# Cheapest courier from France to Ireland



## Leibide (23 Jul 2011)

I spent a year in Brest, Brittany, and must now ship my belongings home. I left without organising a courier, thinking it would be easy to book online. My stuff is packed in two boxes, with the following dimensions:
box 1-
w = 49 cm
l = 35 cm
h = 29 cm

box 2 :
w = 82 cm
l = 37 cm
h = 65 cm

The total weight is 20Kg.
All the courier companies I asked were demanding over 300 euro. I've tried DHL and TNT and many others.
*Surely there must be a courier company who can shift 20kg from Brest to Ireland for less than 200 euro?*


----------



## onq (24 Jul 2011)

Get someone to check what it would cost to post the boxes.

I saw a couple of women posting a big cardboard box to the Cayman Islands (!) last week.
Took two of them to carry it in - not cheap though, postage was in the hundreds of Euro range.

Otherwise wait until you go over for a camping holiday in a car and take them back with you in the boot.

Or you could blag someone else to bring them back for you if they have any spare space.
I'm thinking more in terms of a friend you trust than via and online agreement.

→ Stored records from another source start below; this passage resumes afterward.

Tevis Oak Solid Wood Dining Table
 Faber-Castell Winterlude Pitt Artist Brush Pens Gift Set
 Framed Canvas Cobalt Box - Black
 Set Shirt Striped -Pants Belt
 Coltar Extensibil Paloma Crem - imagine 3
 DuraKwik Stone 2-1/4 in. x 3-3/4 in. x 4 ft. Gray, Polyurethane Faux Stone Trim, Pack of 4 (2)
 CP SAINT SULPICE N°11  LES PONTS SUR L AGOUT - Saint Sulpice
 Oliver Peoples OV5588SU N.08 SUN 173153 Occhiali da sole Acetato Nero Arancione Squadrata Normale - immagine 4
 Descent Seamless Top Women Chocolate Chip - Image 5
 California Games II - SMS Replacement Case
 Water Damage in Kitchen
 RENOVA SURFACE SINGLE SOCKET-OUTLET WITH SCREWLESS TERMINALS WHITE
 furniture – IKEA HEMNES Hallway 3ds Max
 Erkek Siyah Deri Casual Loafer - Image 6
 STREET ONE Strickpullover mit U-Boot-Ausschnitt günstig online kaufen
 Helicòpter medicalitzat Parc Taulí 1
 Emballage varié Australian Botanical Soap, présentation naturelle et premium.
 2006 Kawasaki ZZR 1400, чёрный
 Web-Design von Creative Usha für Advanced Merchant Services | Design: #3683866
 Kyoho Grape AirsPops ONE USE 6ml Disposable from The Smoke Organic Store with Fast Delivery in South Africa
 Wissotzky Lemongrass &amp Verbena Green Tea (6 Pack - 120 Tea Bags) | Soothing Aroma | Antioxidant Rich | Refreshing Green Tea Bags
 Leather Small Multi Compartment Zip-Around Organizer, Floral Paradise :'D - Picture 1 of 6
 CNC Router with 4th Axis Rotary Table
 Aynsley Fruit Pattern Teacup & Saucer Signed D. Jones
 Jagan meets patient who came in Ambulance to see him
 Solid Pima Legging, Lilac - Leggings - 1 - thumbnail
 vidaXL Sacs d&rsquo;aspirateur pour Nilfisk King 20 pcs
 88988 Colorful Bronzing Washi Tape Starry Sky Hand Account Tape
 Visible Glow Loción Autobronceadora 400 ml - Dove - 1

Lots of options without paying for a courier.

ONQ.


----------



## flossie (24 Jul 2011)

Ask post office to price up sending the boxes by sea freight. Or could you get a bigger box and put everything inside it? FedEx do boxes up to 25kg (i think you pay by max weight of box?). €300 sounds steep - are you sending it priority?


----------



## Leibide (26 Jul 2011)

I got my first half decent quote since I first posted the thread – 200 euro with Putra Venture Limited (putraventure.com).  170 euro shipping charge + 30 euro oversize box charge. I’ll have a look now at Le Post and FedEx, sea freight. As a friend pointed out, at 20kg I’d be as well off flying it back myself. It would give me an excuse to return to Brest. It’s tempting to ask someone else to do it but it wouldn’t feel good about it.


----------



## Leibide (26 Jul 2011)

FedEx are asking €150.99.


----------



## Leibide (26 Jul 2011)

La Post are asking €94.27 for the large box (82*37*65cm, 16kg), and €57.32 for the small box (49*35*29cm, 5kg). Both are treated as separate orders.
Total cost - €151.59


----------



## Leibide (26 Jul 2011)

These are only quotes. The fun will really start when I try to send it to a domestic address rather than a business address. According to their website, FedEx only deliver to business addresses, except within the United States, and even then they charge more for that.


----------



## Leibide (27 Jul 2011)

Yes, FedEx only deliver to business addresses. I'm an unemployed student, and I don't fancy sending two great big heavy boxes like that to a friends work address.


----------



## flossie (27 Jul 2011)

I work from home, and technically there is no registered 'business' here. People FedEx me things with just my name and address on, has never been an issue.  Could you not put 

To: Leibide
Leibide & Co (or Ltd, something like that)
Your address


----------



## Flexible (27 Jul 2011)

Try www.gls-group.eu


----------



## mcaul (1 Aug 2011)

Unless you need a next day service you don't need a courier. What you need is a normal parcel delivery service. 
Dpd, gls, city-link are 3 that come to mind.


----------



## bluemac (1 Aug 2011)

Pallet line, I have found are great and well priced plus you get to send a full pallet i think UK to ireland is about £140  I think they do France as well


----------



## mcaul (1 Aug 2011)

And another option - tie both boxes together, get someone to drop it go local post office and it will cost about €60 laposte.com


----------